Activity:
Two lines in the listing below mark the span: one contains "Dark blue and" and one contains "Vintage rock band". Reproduce both of them and everything between, exactly.

Records shown:
=-=-=-=-=
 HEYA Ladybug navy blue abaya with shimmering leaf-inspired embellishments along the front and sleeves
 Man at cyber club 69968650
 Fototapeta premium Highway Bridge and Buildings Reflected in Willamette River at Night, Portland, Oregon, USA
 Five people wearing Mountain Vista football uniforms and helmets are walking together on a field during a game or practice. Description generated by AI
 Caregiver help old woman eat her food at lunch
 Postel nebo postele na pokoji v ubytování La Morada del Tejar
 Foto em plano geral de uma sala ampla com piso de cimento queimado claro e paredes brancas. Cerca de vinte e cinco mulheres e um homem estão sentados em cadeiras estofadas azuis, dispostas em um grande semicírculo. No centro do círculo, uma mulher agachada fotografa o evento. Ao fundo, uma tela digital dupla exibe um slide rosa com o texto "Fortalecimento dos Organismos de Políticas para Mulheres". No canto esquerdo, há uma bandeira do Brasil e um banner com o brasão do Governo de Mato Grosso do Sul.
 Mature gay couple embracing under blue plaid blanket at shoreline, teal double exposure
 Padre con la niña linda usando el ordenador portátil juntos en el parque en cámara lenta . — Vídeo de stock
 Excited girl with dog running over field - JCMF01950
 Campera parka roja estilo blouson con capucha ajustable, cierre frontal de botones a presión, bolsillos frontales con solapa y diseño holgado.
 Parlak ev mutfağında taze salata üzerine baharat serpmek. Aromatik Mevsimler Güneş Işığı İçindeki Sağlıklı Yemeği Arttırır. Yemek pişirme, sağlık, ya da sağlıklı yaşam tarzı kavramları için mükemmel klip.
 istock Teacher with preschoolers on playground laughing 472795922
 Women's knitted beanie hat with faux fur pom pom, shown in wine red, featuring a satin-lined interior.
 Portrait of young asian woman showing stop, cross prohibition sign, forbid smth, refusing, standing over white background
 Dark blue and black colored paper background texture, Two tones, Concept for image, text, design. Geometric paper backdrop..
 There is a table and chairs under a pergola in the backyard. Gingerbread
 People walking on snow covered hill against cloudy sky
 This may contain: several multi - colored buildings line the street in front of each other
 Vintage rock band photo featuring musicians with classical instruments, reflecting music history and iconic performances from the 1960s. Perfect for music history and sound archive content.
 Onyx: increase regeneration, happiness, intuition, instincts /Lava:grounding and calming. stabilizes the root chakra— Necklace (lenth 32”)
=-=-=-=-=
Exercise solution:
 Dark blue and black colored paper background texture, Two tones, Concept for image, text, design. Geometric paper backdrop..
 There is a table and chairs under a pergola in the backyard. Gingerbread
 People walking on snow covered hill against cloudy sky
 This may contain: several multi - colored buildings line the street in front of each other
 Vintage rock band photo featuring musicians with classical instruments, reflecting music history and iconic performances from the 1960s. Perfect for music history and sound archive content.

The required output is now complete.